**SUPPLIED INFORMATION:**
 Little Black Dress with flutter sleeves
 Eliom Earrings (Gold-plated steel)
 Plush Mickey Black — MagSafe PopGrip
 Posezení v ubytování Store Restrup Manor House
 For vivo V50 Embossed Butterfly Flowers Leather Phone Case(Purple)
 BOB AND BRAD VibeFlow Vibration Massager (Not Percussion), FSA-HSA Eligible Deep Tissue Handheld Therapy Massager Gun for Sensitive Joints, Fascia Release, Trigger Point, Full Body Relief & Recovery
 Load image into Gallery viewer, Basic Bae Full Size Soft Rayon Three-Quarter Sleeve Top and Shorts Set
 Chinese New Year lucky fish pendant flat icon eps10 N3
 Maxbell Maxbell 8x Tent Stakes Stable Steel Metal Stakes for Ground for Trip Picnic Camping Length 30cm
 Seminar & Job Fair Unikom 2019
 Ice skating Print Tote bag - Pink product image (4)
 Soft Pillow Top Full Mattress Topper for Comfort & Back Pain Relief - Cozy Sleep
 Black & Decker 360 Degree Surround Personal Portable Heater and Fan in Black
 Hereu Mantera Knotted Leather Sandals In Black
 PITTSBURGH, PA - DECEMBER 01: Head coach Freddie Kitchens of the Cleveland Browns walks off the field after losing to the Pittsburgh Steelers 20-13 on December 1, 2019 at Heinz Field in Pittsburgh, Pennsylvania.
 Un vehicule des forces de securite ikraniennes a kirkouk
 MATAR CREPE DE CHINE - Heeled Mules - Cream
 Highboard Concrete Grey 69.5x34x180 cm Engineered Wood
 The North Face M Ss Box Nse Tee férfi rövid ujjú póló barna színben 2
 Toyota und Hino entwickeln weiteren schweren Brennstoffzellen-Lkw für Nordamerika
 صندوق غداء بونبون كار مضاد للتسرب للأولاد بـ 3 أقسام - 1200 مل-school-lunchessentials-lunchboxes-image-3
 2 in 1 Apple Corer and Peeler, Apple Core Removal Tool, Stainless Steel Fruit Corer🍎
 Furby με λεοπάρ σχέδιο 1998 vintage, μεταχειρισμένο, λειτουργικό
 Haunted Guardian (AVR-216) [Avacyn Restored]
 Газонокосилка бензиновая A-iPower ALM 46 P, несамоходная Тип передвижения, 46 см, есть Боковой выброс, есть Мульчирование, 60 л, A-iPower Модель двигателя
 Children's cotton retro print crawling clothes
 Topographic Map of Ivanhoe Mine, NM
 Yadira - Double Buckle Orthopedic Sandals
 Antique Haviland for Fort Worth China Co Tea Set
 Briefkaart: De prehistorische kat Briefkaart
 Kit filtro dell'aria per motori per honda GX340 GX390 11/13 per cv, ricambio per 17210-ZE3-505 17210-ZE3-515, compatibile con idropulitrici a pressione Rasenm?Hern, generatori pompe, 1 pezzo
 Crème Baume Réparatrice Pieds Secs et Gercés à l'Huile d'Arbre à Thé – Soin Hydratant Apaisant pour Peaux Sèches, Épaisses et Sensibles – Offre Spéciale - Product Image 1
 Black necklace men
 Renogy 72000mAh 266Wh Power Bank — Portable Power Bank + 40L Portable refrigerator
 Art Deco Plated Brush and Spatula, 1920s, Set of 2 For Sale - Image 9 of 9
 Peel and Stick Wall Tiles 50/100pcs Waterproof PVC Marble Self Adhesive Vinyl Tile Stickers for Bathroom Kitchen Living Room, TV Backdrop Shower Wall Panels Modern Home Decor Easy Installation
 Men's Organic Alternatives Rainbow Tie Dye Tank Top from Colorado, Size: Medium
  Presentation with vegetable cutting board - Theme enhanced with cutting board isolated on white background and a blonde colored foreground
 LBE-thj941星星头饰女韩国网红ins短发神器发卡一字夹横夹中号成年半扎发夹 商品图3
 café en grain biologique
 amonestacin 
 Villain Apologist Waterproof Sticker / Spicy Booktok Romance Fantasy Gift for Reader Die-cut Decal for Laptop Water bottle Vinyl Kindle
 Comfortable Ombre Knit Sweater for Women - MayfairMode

**EXERCISE DIRECTIONS:** Go through the material above and output exactly the lines from the one containing "Hereu Mantera Knotted" through the one containing "The North Face".

**THE ANSWER:**
 Hereu Mantera Knotted Leather Sandals In Black
 PITTSBURGH, PA - DECEMBER 01: Head coach Freddie Kitchens of the Cleveland Browns walks off the field after losing to the Pittsburgh Steelers 20-13 on December 1, 2019 at Heinz Field in Pittsburgh, Pennsylvania.
 Un vehicule des forces de securite ikraniennes a kirkouk
 MATAR CREPE DE CHINE - Heeled Mules - Cream
 Highboard Concrete Grey 69.5x34x180 cm Engineered Wood
 The North Face M Ss Box Nse Tee férfi rövid ujjú póló barna színben 2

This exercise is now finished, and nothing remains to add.